Recent studies have been reported that PCSK9 are associated with hypercholesterolemia and atherosclerosis.[21] It is established that PCSK9 is a natural inhibitor of the LDLR, acting post-transcriptionally.[7],[8],[22] Circulating PCSK9 binds to the epidermal growth factor precursor homology domain A (EGF-A) extracellular domain of the hepatic LDLR and prevents its recycling to the cell surface, thereby influences the circulating level of LDL-C uptake cause to hyperlipidemia.[23],[24] In humans, gain-of-function mutations in PCSK9 result in autosomal hypercholesterolemia and premature atherosclerosis.[25] Conversely, loss-of-function mutations within PCSK9 are associated with a reduction in plasma LDL-C and protection against coronary heart disease.[6],[26] Hence, mechanisms inhibiting PCSK9 expression have potential promise for cholesterol-lowering intervention. Recently, PCSK9 loss-of function mutations were correlated with plasma low levels of HDL-C and elevated plasma TG levels have been also noticed.[27]–[30] Based on those previous observations, we have studied a relationship of circulating PCSK9 concentrations with serum lipids in an obesity condition. The data indicated that circulating PCSK9 concentrations were not correlated with the serum lipids and glucose profile, while it decreased gradually along with ageing (Table 3), suggesting that the change of circulating PCSK9 concentration might be closely correlated with ageing, but not body weight and severity of dyslipidemia.

It is thought that PCSK9 is secreted primarily by the liver; human hepatoma cell lines produce and secret it as well.[6] Once circulating in the blood stream, PCSK9 can modulate the expression of LDLR in several tissues, including the liver, intestines, kidneys, lungs, pancreatic islets and adipose tissue.[8],[11] Physiologically, it has been reported that the serum PCSK9 concentrations were significant modulated by a variety of physiological factors. Firstly, Plasma PCSK9 levels exhibit a diurnal rhythm, with a nadir between 3:00 pm to 9:00 pm, and a peak during the night 4:30 am.[31] Additionally, fasting is another physical factor that can reduce circulating PCSK9 concentrations in healthy volunteers. A 20%–35% decrease was found at 18 h after fasting.[31]–[33] Moreover, PCSK9 concentrations were slightly higher in premenopausal women than in men.[34],[35] Finally, plasma PCSK9 levels are also affected by ageing. It is reported that serum PCSK9 levels were higher in 9-year-old boys than in 13-and 16-year-old male adolescents, paralleling the decrease of LDL-C during puberty in males.[36] In contrast, plasma PCSK9 concentrations increase in girls between 9 and 13–16 years of age, perhaps contributing to the higher LDL-C concentrations observed in girls during puberty compared to boys.[36] Our data provided novel information regarding age-related influence on serum PCSK9 levels.

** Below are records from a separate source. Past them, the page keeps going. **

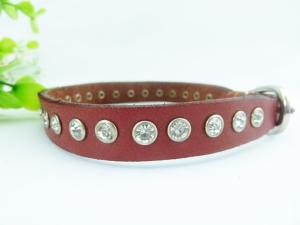 Quality dog leather diamond-collars wholesale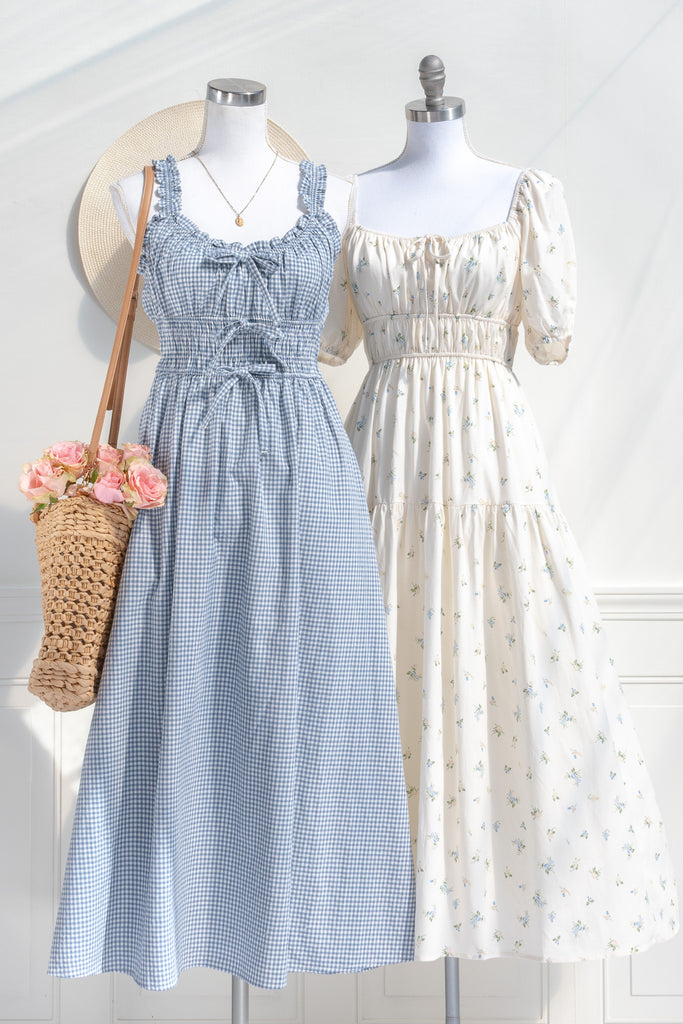 two french inspired cottagecore dresses for spring. 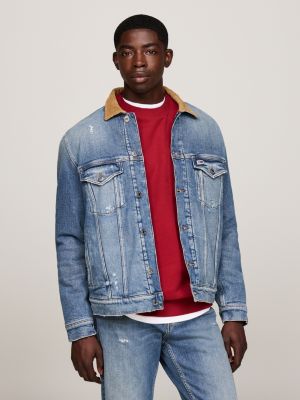 blue ryan distressed denim trucker jacket for men tommy jeans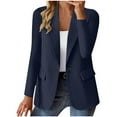thumbnail image 1 of BODOAO Women's Casual Business Blazer Notched Lapel One Button Open Front Long Sleeve Blazers Office Work Suit Jackets Suit Jackets Work Lightweight Coats Spring Summer Cardigan Suits Dark Blue L, 1 of 6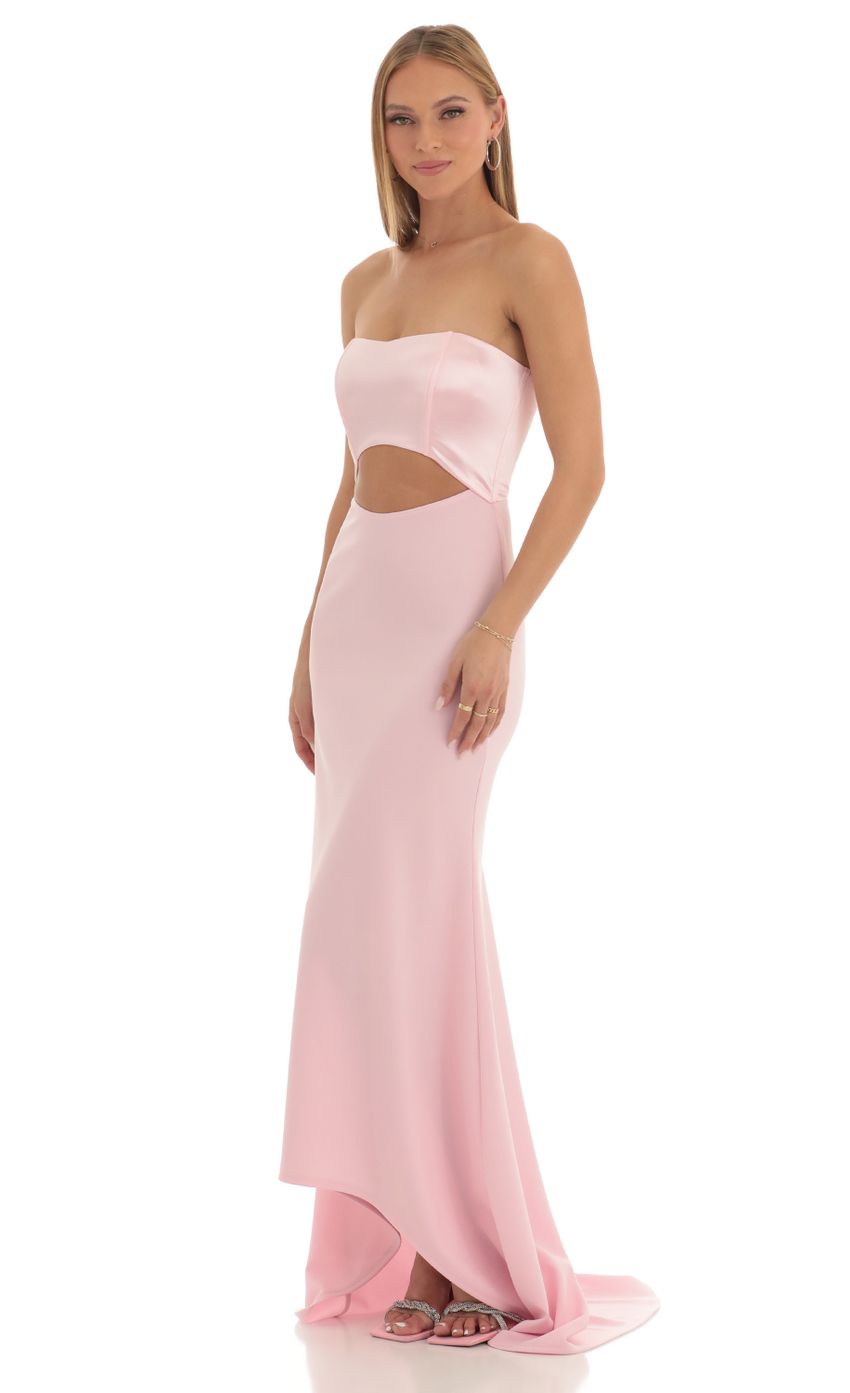 Picture Satin Corset High Low Crepe Maxi Dress in Pink. Source: https://media-img.lucyinthesky.com/data/Feb23/850xAUTO/e64abeae-da2e-4d17-9836-387629509daa.jpg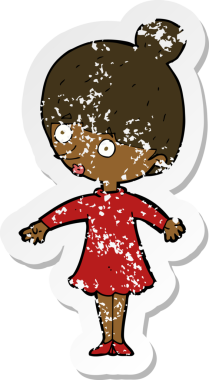 Bir insan tarafından çizilmiş bir karikatürün gerilimli çıkartması.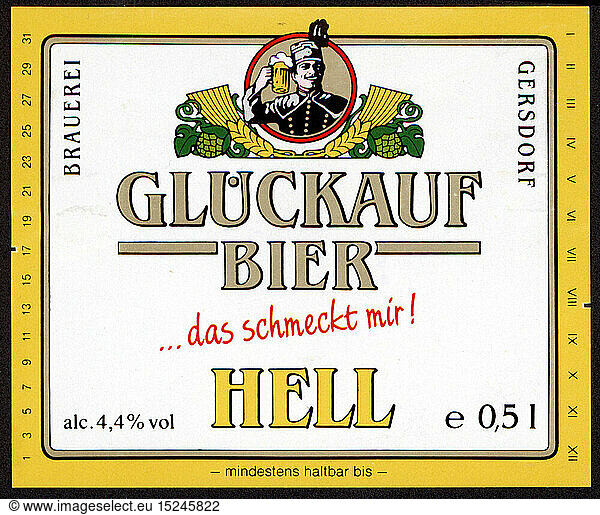 alcohol  beer  Glueckauf brewery  label  'Hell'  Gersdorf  early 1990s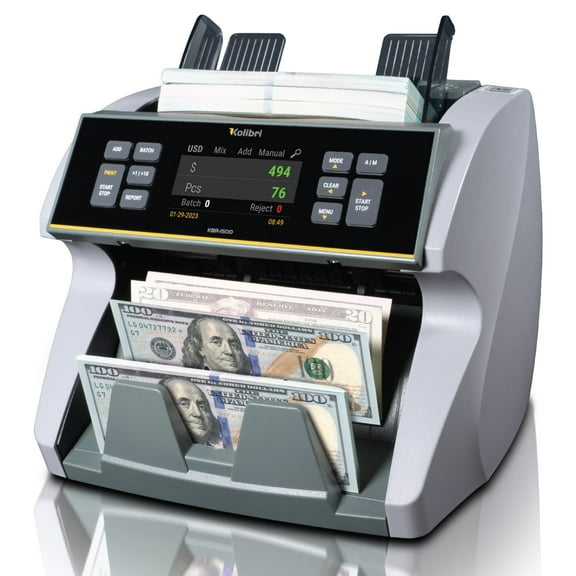 Kolibri KBR-1500 V2 1-Pocket Mixed Denomination Bill Counter & Sorter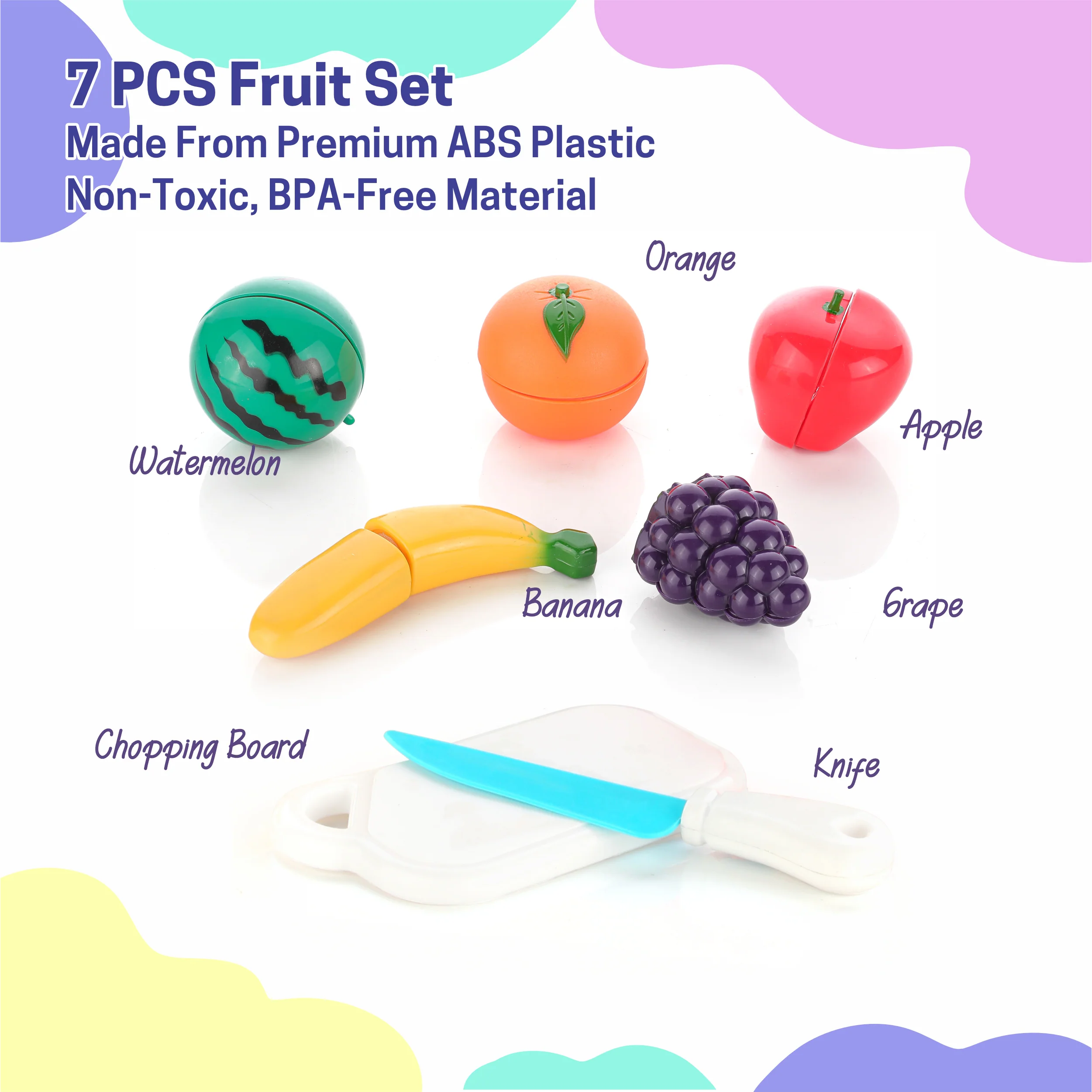 Chanak Fruit Cutting Toy Set for Kids 3+ Years | Knife & Chopping Board – BIS Approved - Image 2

Ageing is a major cause of hyperlipidemia. Plasma cholesterol increases in normal ageing in both rodents and human.[9] It has been already reported that in aged rats, the hepatic 3-hydroxy-3-methylglutaryl coenzyme A receptor, the rate-limiting enzyme of cholesterol biosynthesis, exhibit slow degradation and cholesterol synthesis is increased.[10],[37] Reduced elimination of cholesterol as bile acids and decreased receptor-mediated clearance of plasma LDL, but the changes that can be reversed by treatment with growth hormone.[38],[39] The decreased LDLR membrane exposure and the following reduced LDL-C uptake could contribute to the hypercholesterolemia characteristic of aged rat as already reported.[30],[40] In addition, the studies found a gradual decline in the fractional clearance of LDL from the circulation with age and the reduced expression of hepatic LDLRs with increasing age in some species.[41]–[44] In a word, ageing causes decreases in LDL-C uptake and LDLR expression. Here, our data have shown that the circulating lipid profile had no effect on the LDLR gene expression, and is not caused by the changes of the LDLR expression with ageing.

In conclusion, in the present study we did not detect a relation of changes in serum PCSK9 levels to increase of body weight and changes of lipid profile in rats fed with HFD, suggesting that dyslipidemia in the rat model with HFD appears not associated with PCSK9-LDLR pathway but ageing.